Looking back, this pivot was critical to our success. It is why Nasuni is  in a strong position to disrupt NetApp and Dell EMC, and why the other cloud storage gateways have faded from view. It is why we are growing more than 50% ARR and replacing NetApp and Isilon at petabyte scale. It is why our platform is now the trusted way to modernize on-premises file storage by the largest companies across all industry sectors, including Meredith Corporation and Perkins&Will.

The Power of Cloud-Native Infrastructure

The only reason we were able to make this pivot is that our founder had a fundamentally different vision. The roots of Nasuni are in a cloud-first architecture that makes file infrastructure software-defined. From day one, Nasuni designed and built a file system that resides entirely in cloud object storage, and pushes data down to edge locations (cloud edges or physical edges) from the cloud.

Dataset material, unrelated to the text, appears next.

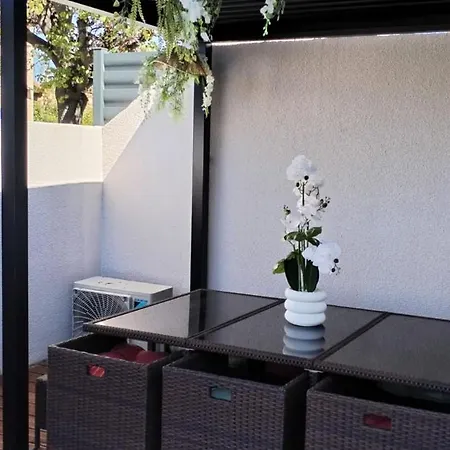Luxueuse Avec 3 Parentales Et Piscine Privative Proche Des Plages Villa *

This “upside down file system,” in which the entire inode structure resides in cloud storage, is the polar opposite from the cloud storage gateways, which stored files, metadata, and inodes mainly on hardware boxes on-premises and pushed data back up to the cloud. This critical difference is why Nasuni can offer infinite scale at a dramatically lower cost for large enterprises. We take full advantage of object storage economics, and don’t require expensive hardware on-premises.

This cloud-native architecture also gives customers unprecedented agility. Because we use lightweight VMs to cache active files and our edge appliances are stateless, Nasuni customers can go completely cloud with no physical appliances (with our edge VMs deployed in different public cloud regions), or hybrid cloud (with our edge VMs deployed on-premises).

Another critical architectural decision our founder made was to use object storage as the “hub” for all file system changes and use elastic cloud services to manage file propagation and locking across all edge locations (the “spokes”).  Alternatively,  cloud storage gateway vendors like Panzura took a peer-to-peer approach in which their hardware boxes all talked to each other, and one hardware box was designated as the “master.”  This model performed well for smaller organizations with a few sites, but did not scale well. It was also much more expensive to operate. Panzura’s business model also became outdated because you still had to purchase big, expensive hardware boxes on-premises and buy it all upfront out of CAPEX. Nasuni is true SaaS, with our deployments and business model (OPEX).

The Future of Enterprise Cloud Technology

The end of an era is never easy, and I’m sure we will hear Panzura’s new leadership say it is “business as usual.” Unfortunately, the writing has been on the wall for a few years. These types of acquisitions can be unpredictable for employees and customers, so now is the perfect time to move to an established, modern platform with a history of incoming Panzura migrations. For that reason, we are now offering a special Panzura migration package for Panzura customers. We have migrated many customers from Panzura over the past few years, so we know what it takes and how to make the migration quick and easy. If you’re a Panzura customer who would like to transition to Nasuni’s cloud-native platform, we hope you’ll take advantage of the incentives we’re making available.

We may have been lucky or good (some say it’s better to be lucky than good), but we appreciate more than ever that we were able to make the pivot from a niche player in multi-site file sharing to a market disruptor for NAS consolidation and cloud modernization. The choices are now much simpler.  Customers can choose Nasuni’s cloud-native, software-defined file services platform, or hardware-defined file storage platforms from Dell EMC and NetApp that have been “lifted and shifted” to the cloud.